No livro As bruxas e seu mundo, um dos maiores especialistas no assunto, o espanhol Julio Caro Baroja, transcreve o relato de um processo do século 15, em Toulouse, na França. Ana Maria de Georgel e Catarina, essa última identificada apenas como ;mulher de Delort;, foram acusadas de participar de sabás que ocorriam ;sempre na noite de sexta-feira para sábado;. A narrativa é digna de um conto de terror.
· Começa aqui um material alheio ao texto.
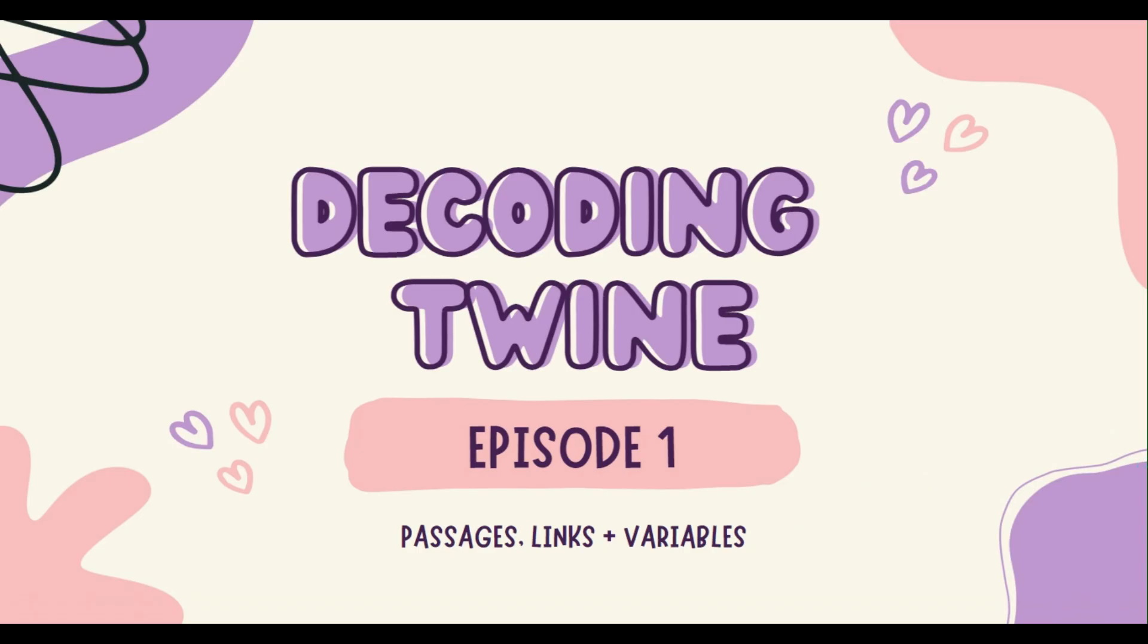And with that, that concludes our first episode of Decoding Twine. Like I said at the beginning, my name is Casey and I'm happy to help with any questions or concerns anyone would have. I'm going to put down where you can find my projects and other different games and stuff that I create as an interactive fiction author in the description below. I'd love to hear from you, and if you would like to see more of this content, feel free to like and subscribe. Thanks!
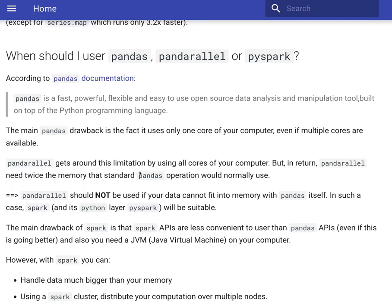Now what we will do is look into an example and see how Pandarallel can be applied to the Pandas apply function and what sort of improvement this change can bring to the code.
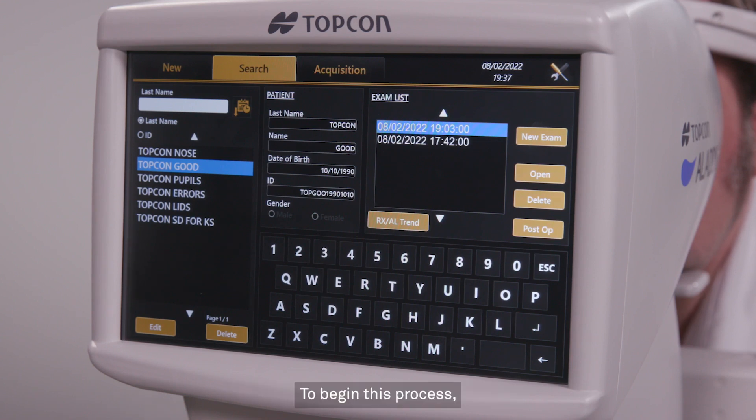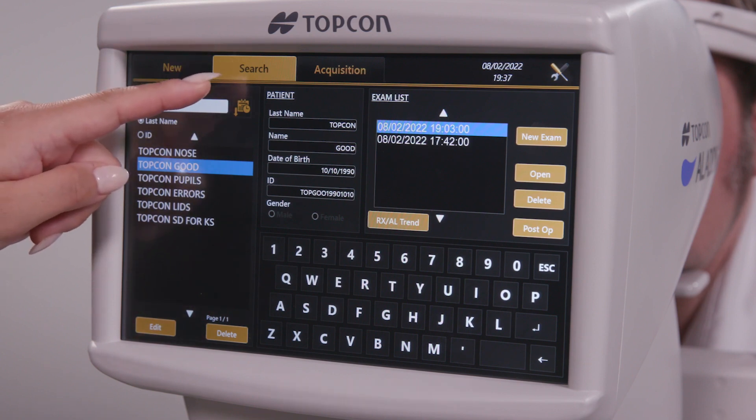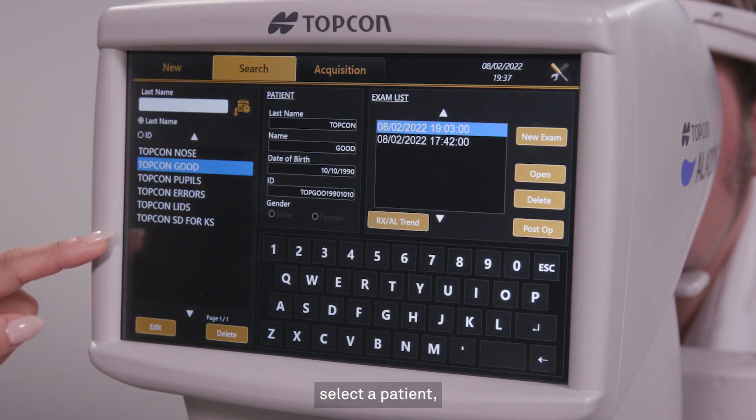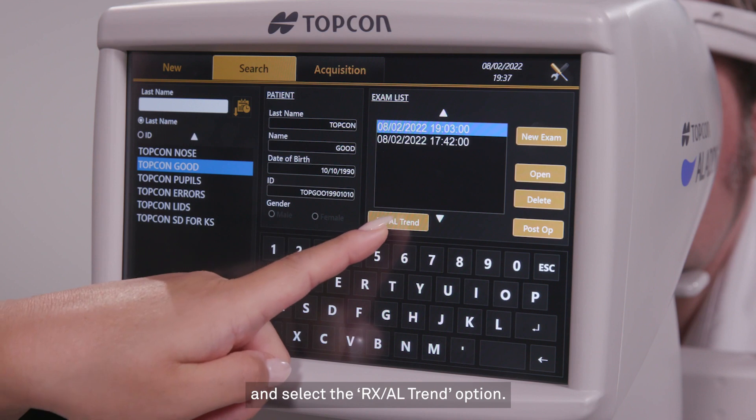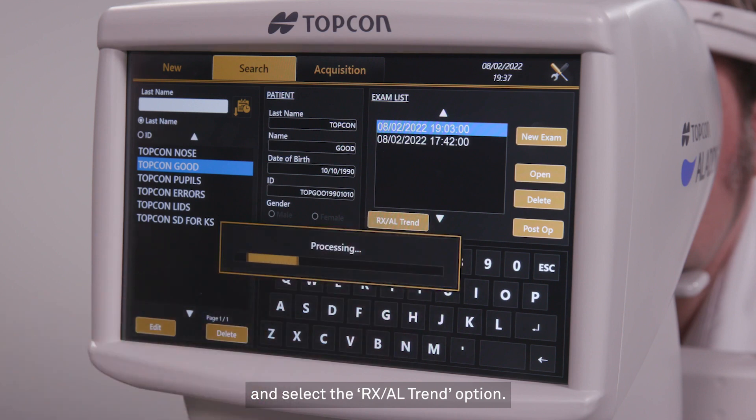To begin this process, simply go to the search tab, select a patient, and select the RxAl trend option.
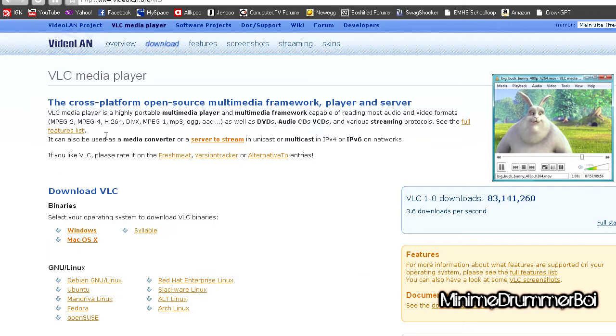All you do is download this for Windows or Mac OS X if you have it, and I will provide the download link in the description. That's it, thanks for watching, and I'll see you guys later.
Em seu depoimento, Ana Maria declarou que cozinhava ;ervas envenenadas e substâncias provindas de animais ou de corpos humanos que, numa horrível profanação, arrancava à santa paz dos cemitérios;. Nas festas, os hereges adoravam o diabo, que aparecia em forma de bode gigante, e cometiam ;toda a espécie de excessos;.

O uso da tortura fica claro quando os inquisidores afirmam que Catarina jurou inocência, mas depois ;confessou a verdade pressionada pelos meios que estão ao nosso alcance;. Além de participar de sabás, ela era acusada de fazer cair granizo sobre os ;campos de quem não gostava;, apodrecer trigos e vinhas, além de matar animais. Na Itália, os benandanti, camponeses que se reuniam à noite para beber e diziam ser capazes de combater bruxas e outros seres demoníacos, também foram perseguidos, associados ao paganismo e à demonologia.

Na segunda metade do século 17, a epidemia das bruxas começou a arrefecer. Com os avanços da medicina e do Iluminismo, nos 100 anos seguintes, a feitiçaria passou a ser encarada pela ciência e pelo próprio clero como superstição ou ilusões mentais. ;Mas os bruxos, os alambiques e seus vapores sulfurosos não demoraram a ressuscitar, graças à imaginação romântica, assombrada pelas forças ocultas e pelos espíritos invisíveis. Foi provavelmente no século 19 que o estereótipo da bruxa se impôs em toda a Europa, mesmo nas regiões que não a tinham conhecido no passado;, explica o historiador francês Jean Michel Sallmann. A redescoberta da bruxaria lotou páginas de livros e folhetins, e nos séculos seguintes, as telas de cinema. Harry Potter que o diga.

Tribunal secular
Ao contrário do que se imagina, a Igreja não era a única responsável por processar, julgar e punir os ;hereges;. Tribunais laicos faziam o mesmo por toda a Europa. O juiz recebia denúncias da própria comunidade, autorizava ou não a defesa do acusado e podia, com anuência da legislação, usar de tortura para pressionar a confissão.